『笠松競馬再開』 日々
笠松競馬所属騎手や調教師による勝馬投票券の不正購入などの不祥事が続き、岐阜県・笠松競馬場は開催自粛が続いていました。そしてきょう、約8か月ぶりに、無観客の笠松競馬場にファンファーレが戻ってきました。関係者の生活が苦しかったであろうことは容易に想像できます。それでも再開することを信じ、開催にこぎつけました。
一連の不祥事で騎手8人、調教師5人が笠松競馬場を去りました。残った所属騎手は9人。笠松競馬場はフルゲート12頭です。つまり、フルゲートになると騎手が足りません。しかしきょうは名古屋競馬から「助っ人」騎手が来てくれました。そして初日のきょうは2つのレースがフルゲート12頭立てで組まれました(第2競走は1頭出走取り消して11頭立てになりました)。競馬の主役である「馬」の問題もあります。笠松競馬所属馬の約100頭が、他の競馬場に移籍してしまいました。きょうはもっと出走馬が少ないかなと思っていましたが、関係者の努力で多くの競走馬が姿を見せてくれました。
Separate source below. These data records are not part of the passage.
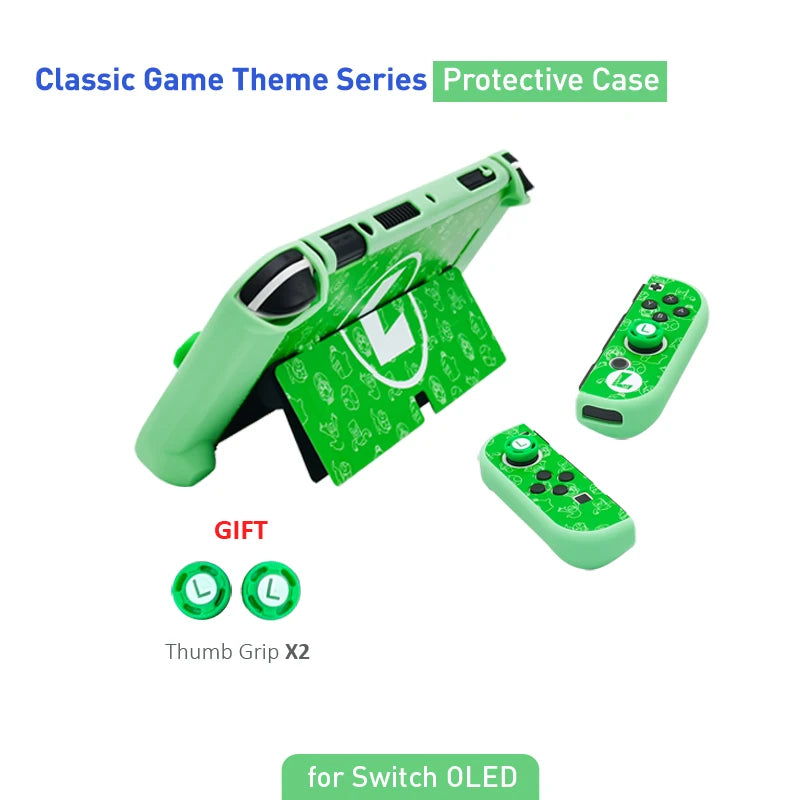 Para NS Switch Shell estuche rígido estilo "M" y "L" carcasa protectora cubierta fina piel NS Switch OLED accesorios de juego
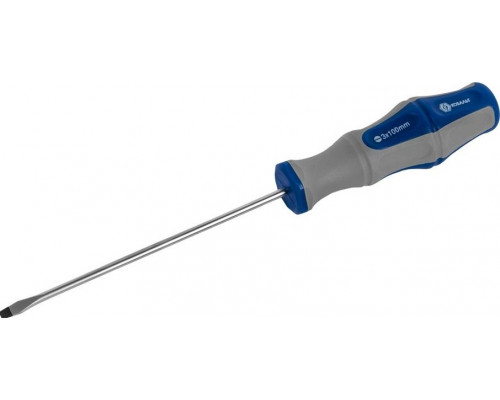 Отвертка шлицевая Кобальт 646-232 ultra grip sl 3,0х100 мм cr-v, двухкомпонентная ру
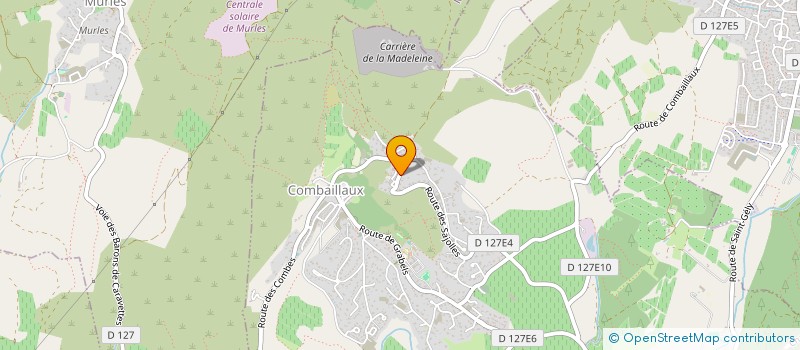 localisation de l'entreprise 529 844 904   COMBAILLAUX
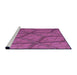 Sideview of Machine Washable Transitional Medium Violet Red Pink Rug, wshpat869pur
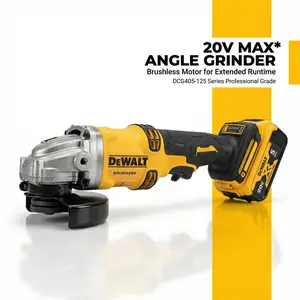 Dewalt DCG405 125mm Cordless Angle Grinder With Battery And Charger For Metal Cutting And Grinding torque powertools power  spindle durable tool Brushless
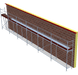 Fassadengerüst 15,42 x 4 m | 69,39 m² | Stahl / Stahlboden | S73 Gerüst Scaff24 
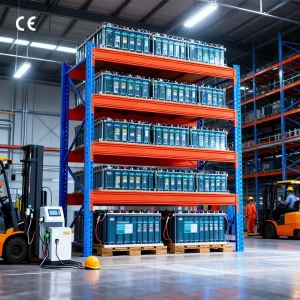 Heavy Duty 5 Layer Powder Coated Pallet Racking System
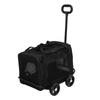 Dog Carrier with 4 Wheels Portable Rolling Cat Carrier Small Pet Stroller with Telescope Handle for Traveling Camping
私は岐阜が好き、競馬が好きです。笠松競馬場には何度も通いました。そして仕事でも「笠松競馬秋まつり」にMCとして携わらせていただきました。まだアナウンサーとして駆け出しのころには、競馬実況の練習のために、競馬場側のご厚意で実況席をお貸しいただいたこともあります。今回の長い開催自粛に、私は胸を痛めていました。でも、これだけの不祥事を起こしたのですから当然に必要な自粛期間でした。そして、よくぞもう一度、競馬を開催できるところまでこぎつけました。
もちろん騎手、関係者の不正行為で開催自粛になったわけですから、「もう笠松競馬の馬券は買わない」という競馬ファンも一定数存在することは間違いありません。そうしたツイートもよく目にしました。その気持ち、私も競馬ファンですからよくわかります。この「裏切られた」という思いを払拭することは大変に厳しいでしょう。でも、笠松競馬にできることは「真剣勝負」を見せること、エンターテインメントにふさわしい競馬を見せることしかありません。馬主、騎手、調教師、そのほか関係者が力を合わせ、英知を結集し、この難局を乗り越えてほしいとこころから願っています。
笠松競馬の存在を競馬ファンに「無視」されたらおしまいです。競馬場側の人間でない私が言うのもおこがましいのですが、競馬ファンの皆さんには優しく、また厳しく笠松競馬を見つめていただければと思います。